■ Action item
An exact transcription is needed of the lines below from the one with "100% Authentic Chanel" through the one with "Car traffic transportation", with no other lines and no pictures.

■ Raw data
»»

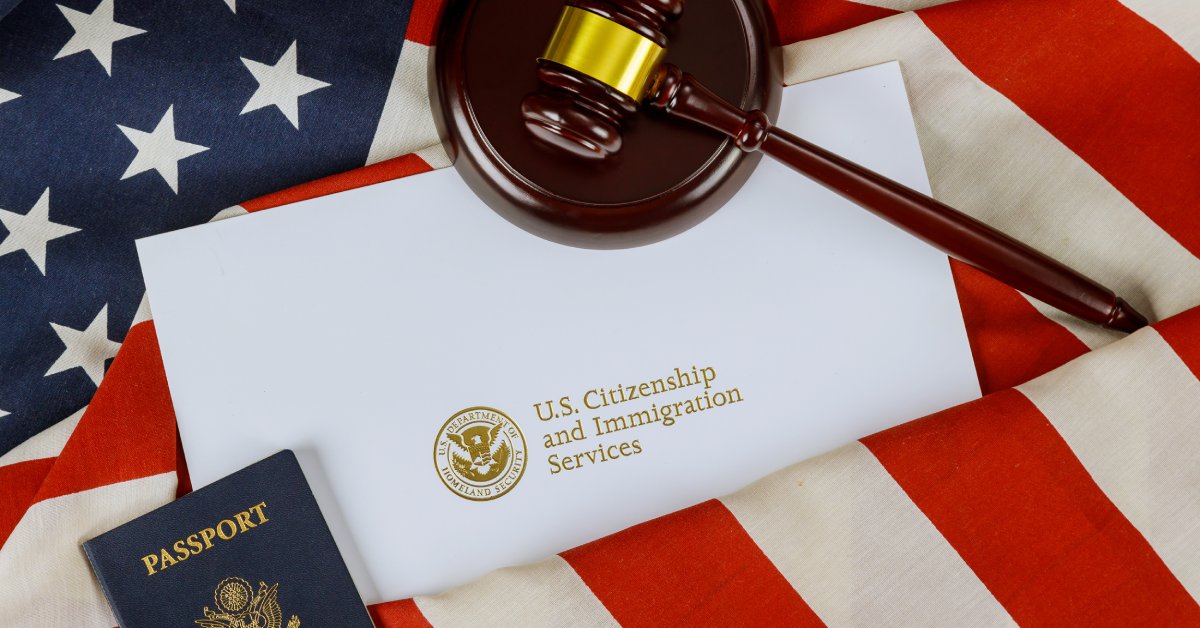 A paper that says "U.S. Citizenship and Immigration Services" sits next to a passport and gavel on top of the American Flag.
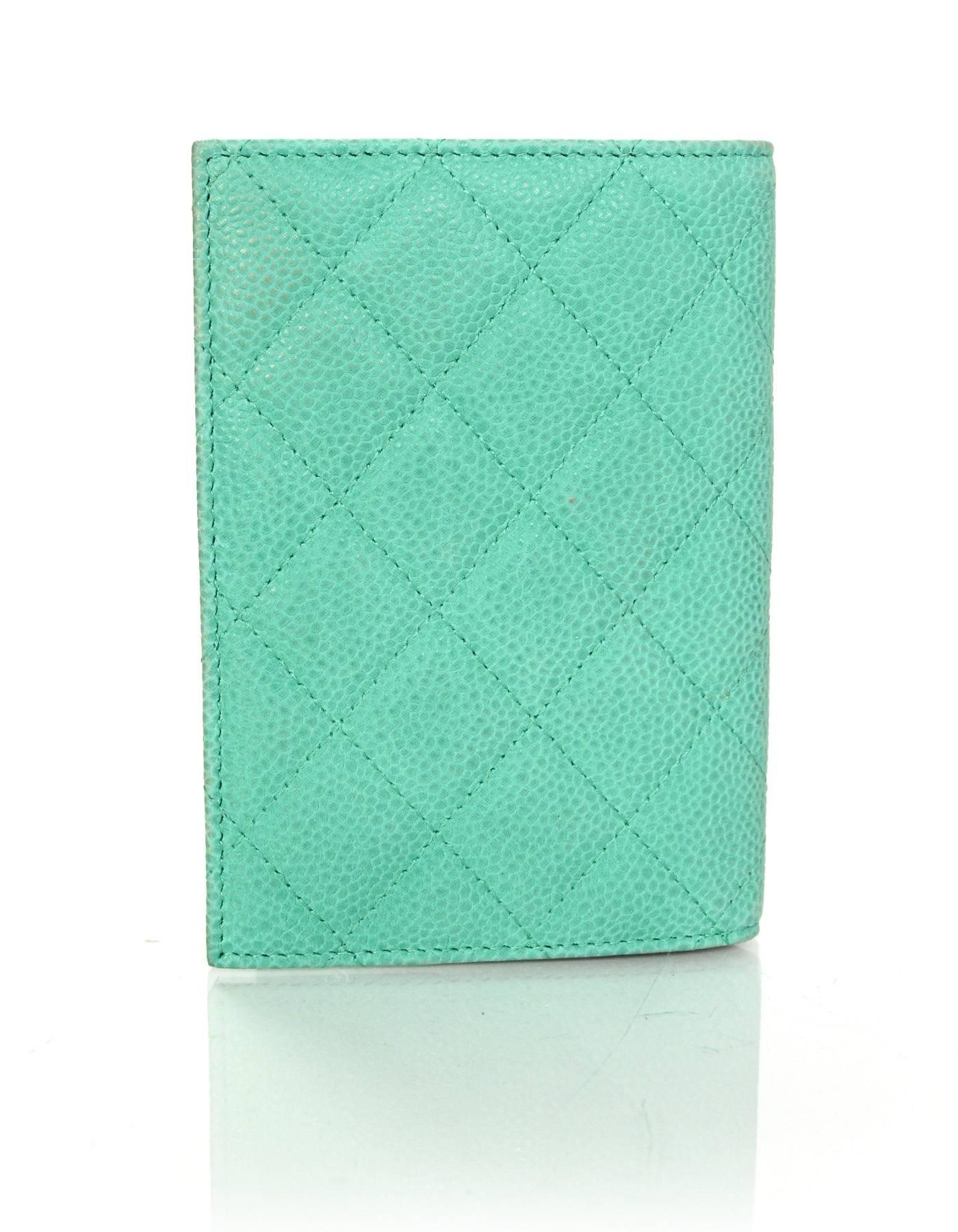 100% Authentic Chanel Green Iridescent Caviar Quilted Passport Holder 

Made in: Italy
Year of Production: 2013
Color: Seafoam green
Hardware: Silvertone
Materials: Iridescent caviar leather, suede-like
Lining: Seafoam green leather and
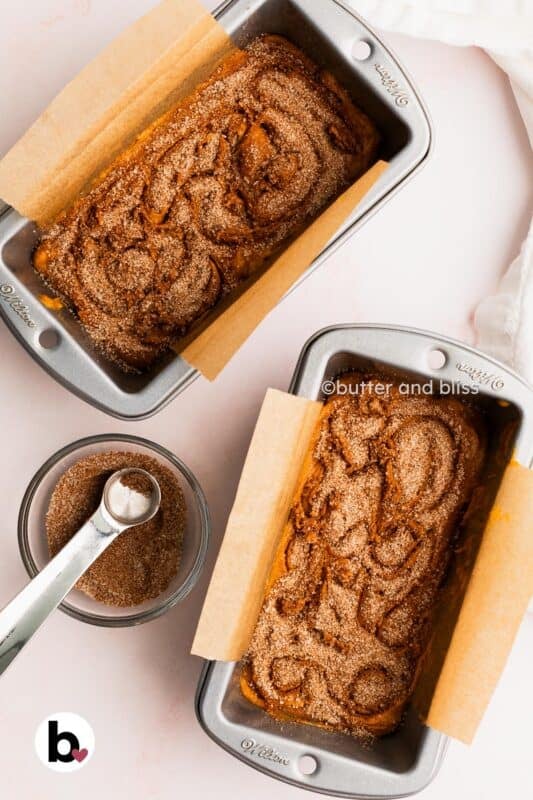 Cinnamon sugar swirled on top of pumpkin bread batter in mini loaf pans.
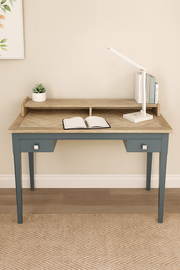 Baumhaus signature blue desk in a stylish setting, showcasing its elegant design and ample workspace.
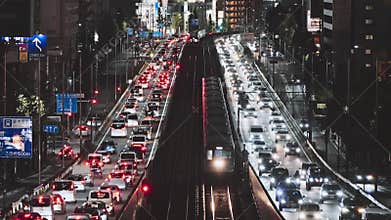 Car traffic transportation on elevated highway road, commuter subway train on railroad track at night in Japan.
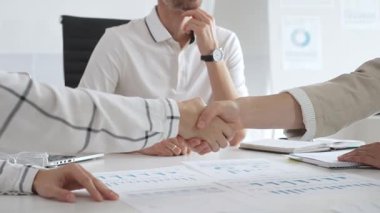 İş adamları iş yeri belgelerinin üzerinden el sıkışıyor, işbirliği ruhunu sembolize ediyor ve işyerindeki başarıyı paylaşıyorlar. El sıkışma kavramı.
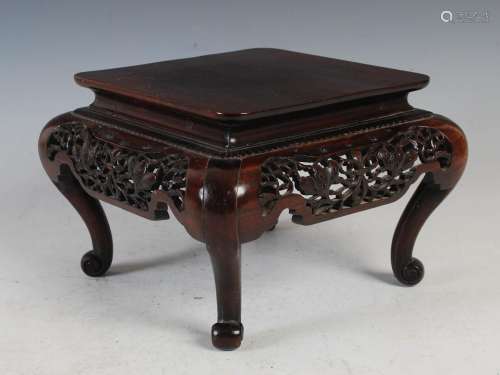 A Japanese carved and pierced wood stand, late 19th century,...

««

■ Task output
 100% Authentic Chanel Green Iridescent Caviar Quilted Passport Holder 

Made in: Italy
Year of Production: 2013
Color: Seafoam green
Hardware: Silvertone
Materials: Iridescent caviar leather, suede-like
Lining: Seafoam green leather and
 Cinnamon sugar swirled on top of pumpkin bread batter in mini loaf pans.
 Baumhaus signature blue desk in a stylish setting, showcasing its elegant design and ample workspace.
 Car traffic transportation on elevated highway road, commuter subway train on railroad track at night in Japan.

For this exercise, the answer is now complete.